Board game based on The Landlord's Game

Finance, or The Fascinating Game of Finance or Finance and Fortune, is a board game originally released in 1932. The game is based on The Landlord's Game in the movement of pieces around the board, the use of cards, properties that can be purchased, and houses that can be erected on them. The game also has railroads; however, these may not be purchased. The game is a predecessor to Monopoly.

==History==
===Finance===
Finance was created by Dan Layman who played, with Louis, Louis and Fred Thun's version of the auction-monopoly games that had been spawned from The Landlord's Game at Williams College in Reading, Pennsylvania. When the Thuns wanted to patent their game they found the Landlord's Game patent and only copyrighted their rule additions (additional railroads own double rent, Community Chest, paying $50 to get out of jail). With the Monopoly name and game then in the public domain, Layman decided to call the game Finance. With L. S. Ayres & Co. then Electronics Laboratories, Layman published the game for a year before selling it to Knapp Electric for $200. Initially, the game was sold in small black boxes (some of which came with poker chips for money) with four different versions of the rules. Otherwise, it was almost identical to Monopoly including Chance and Community Chest cards.

It is said that Layman taught Ruth Hoskins, who moved to Atlantic City and played it there using local Atlantic City streets. One theory on the street names chosen is that these were the streets players lived on with a couple of later changes of South Carolina to North Carolina and Arctic to Mediterranean. Pete Daggett Jr., a friend of Dan Layman, actually taught Ruth Hoskins. Hoskins then moved to Atlantic City to teach school in 1932 and created the Atlantic City version in the late 1930s with her friends. Eugene and Ruth Raiford, friends of Hoskins, showed the game to Charles E. Todd, a hotel manager in Germantown, Pennsylvania. Todd introduced Charles and Esther Darrow to the game.
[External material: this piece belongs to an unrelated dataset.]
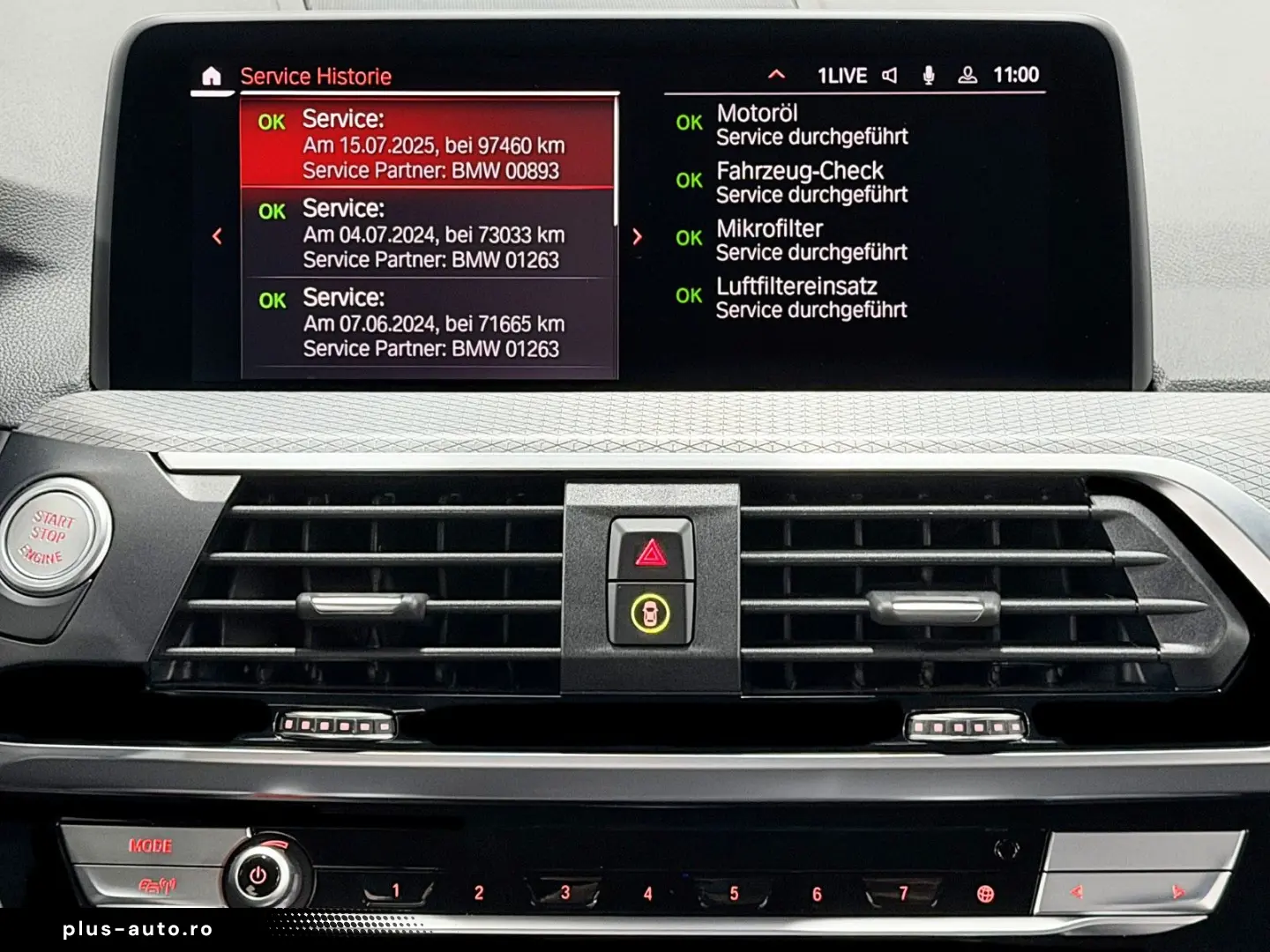 BMW X3 XDRIVE 20D M-SPORTPAKET AUS 1 HAND UNFALLFREI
The Darrows were occasional hotel guests; Esther was Todd's former neighbor.

With Parker Brothers taking over for Darrow in publishing his Monopoly game in 1935, Parker Brothers purchased Finance from Knapp for $10,000. Parker Brothers changed Finance so it was less similar to Monopoly and published it under the Finance Game Company name in 1935. Parker Brothers made additional changes in 1936 and published it with the Parker Brothers name.

===Fortune===
During 1935, Parker Brothers was developing its own version of Monopoly, Fortune, in case its deal with Darrow and the patent fell through. Almost an exact copy of Monopoly, Fortune had only 10,000 copies made due to the deal with Darrow working out and was only published to keep the trademark to the name. Also in 1935, Finance outsold Monopoly.

===Finance and Fortune===
With Parker Brothers wishing to hold on to the trademark on Fortune, the second version of Finance by Parker Brothers was named Finance and Fortune. With its 1958 edition, the game's name reverted to Finance as they developed a new marble game having the "Fortune" name. The last known version was printed in 1962.

==Known changes==
Known changes between the original and the Parker Brother editions:
- removed Community Chest
- dropped colored property groups
- Rent chart card replaced the Property Cards
- colored standard pawns changed to colored different shaped pawns
- properties renamed
- property purchase prices increased

==Overview of game==
The game begins with each player on "Cash Here" with $1925. Properties clockwise around the board begin with low value to high value purchase prices, with costs for additional houses and rents also increasing. Players move again on doubles, with no limit on numbers of doubles that may be thrown, and if a player lands on another player, the original player moves back five spaces, with the same effect as if the player had landed on that space originally. Players may trade properties or sell them back to the bank, but may not mortgage property. If a player is unable to pay, all their property is returned to the bank, and the player is out. The game continues until only one player is left. An alternate rule establishes a time limit and players total up their wealth.